Descriptive statistics involve summarizing and organizing data so it can be easily understood. Descriptive statistics are typically broken down into two categories:
- Measures of Central Tendency: These describe the center or typical value of a dataset. Common measures include:
- Mean: The average of all data points.
- Median: The middle value when the data is ordered from least to greatest.
- Mode: The most frequently occurring value(s) in a dataset.
- Measures of Dispersion (or Variability): These describe the spread of the data.

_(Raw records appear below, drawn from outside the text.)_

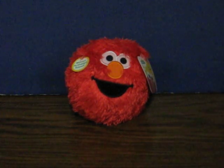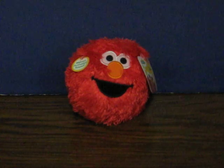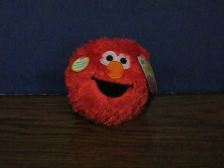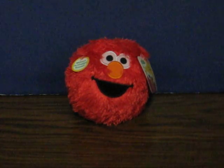This is a Sesame Street Elmo Giggle Ball. It's going up for sale and this is just a quick demonstration to show how it works. It's motion activated, though it feels more like impact activated when I tried it out. The battery is sewn in with no way to easily replace it.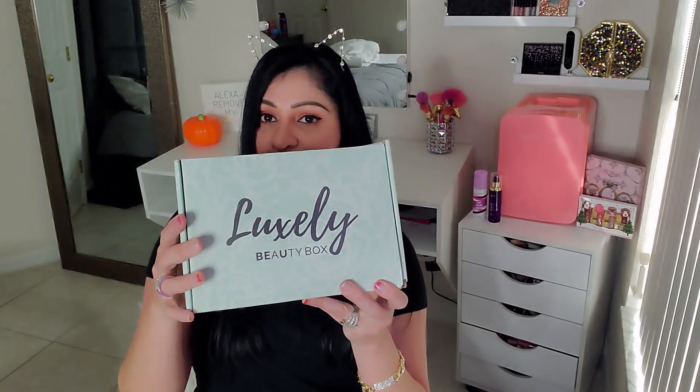Hi guys, welcome back to another unboxing obsession video. If you are new to my channel and you enjoy unboxings of all sorts of subscription boxes, go ahead and subscribe — I will really appreciate it. And if you are already subscribed, welcome back, thanks so much for the love and support. I'll leave all the links down below with pricing, and if I have any discount codes I will leave those as well.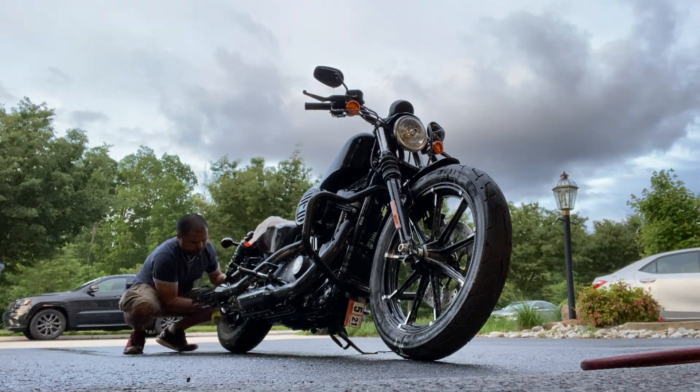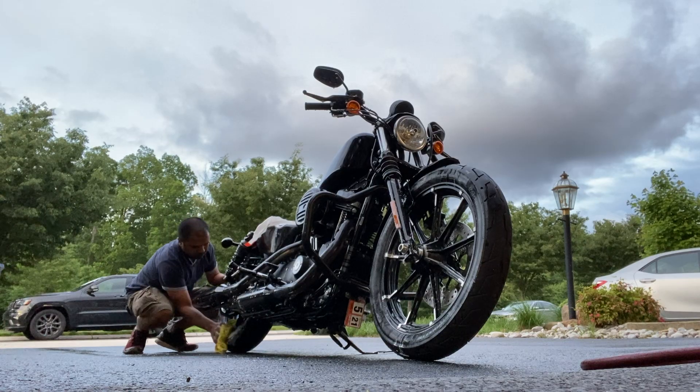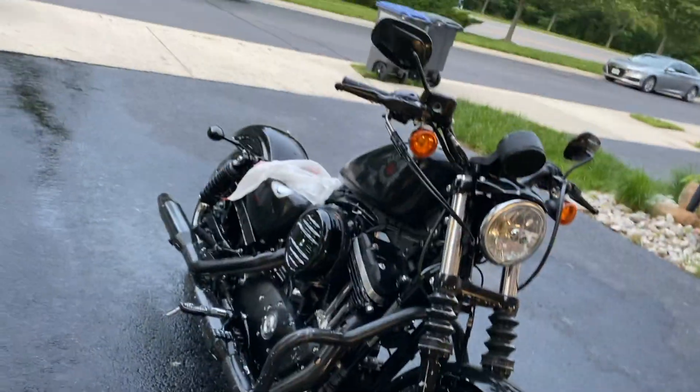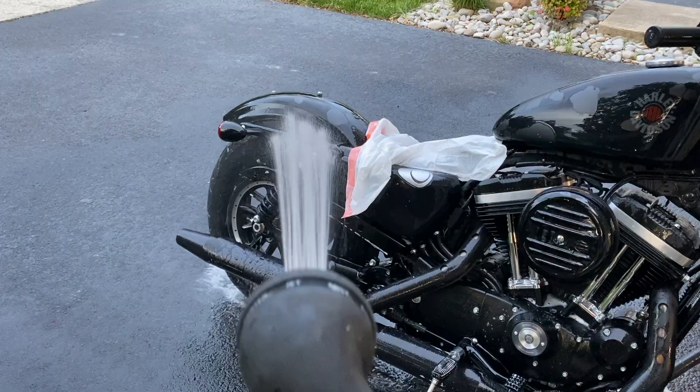Make sure that you also clean the wheels, the exhaust pipe, and the bottom of the motorcycle — that needs a lot of care and washing because that's where a lot of dirt accumulates. Step 4: now that the motorcycle has gotten a good wash, give it a really good rinse.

Common measures include:
- Range: The difference between the maximum and minimum values.
- Variance: The average of the squared differences from the mean.
- Standard Deviation: The square root of the variance, indicating the average amount each data point differs from the mean.
- Interquartile Range (IQR): The range within the middle 50% of the data, calculated as the difference between the 75th and 25th percentiles.
- Other Descriptive Statistics:
- Skewness: A measure of the asymmetry of the distribution of values.
- Kurtosis: A measure of the “tailedness” of the distribution of values.
- Percentiles: Values below which a certain percentage of data points in a dataset fall.
Example
Let’s say we have a dataset of exam scores: [55, 63, 77, 85, 88, 92, 94, 97, 99, 100].
- Central Tendency:
- Mean: (55 + 63 + 77 + 85 + 88 + 92 + 94 + 97 + 99 + 100) / 10 = 85
- Median: (88 + 92) / 2 = 90
- Mode: No mode, as all values are unique.
- Dispersion:
- Range: 100 – 55 = 45
- Variance:
- First, find the mean (85).
- Calculate each data point’s deviation from the mean, square it, and find the average of those squared deviations.
- Variance = [(55-85)² + (63-85)² + (77-85)² + (85-85)² + (88-85)² + (92-85)² + (94-85)² + (97-85)² + (99-85)² + (100-85)²] / 10
- Variance = 184.4
- Standard Deviation: √184.4 ≈ 13.58
- IQR:
- Q1 (25th percentile) = 77
- Q3 (75th percentile) = 97
- IQR = 97 – 77 = 20
- Other Statistics:
- Skewness: Since the mean is less than the median, the distribution is slightly left-skewed.
- Kurtosis: Calculated as part of a more complex formula, typically requiring statistical software for exact value.
These statistics provide a comprehensive summary of the dataset’s characteristics, giving a clear picture of its central tendency, spread, and overall distribution shape.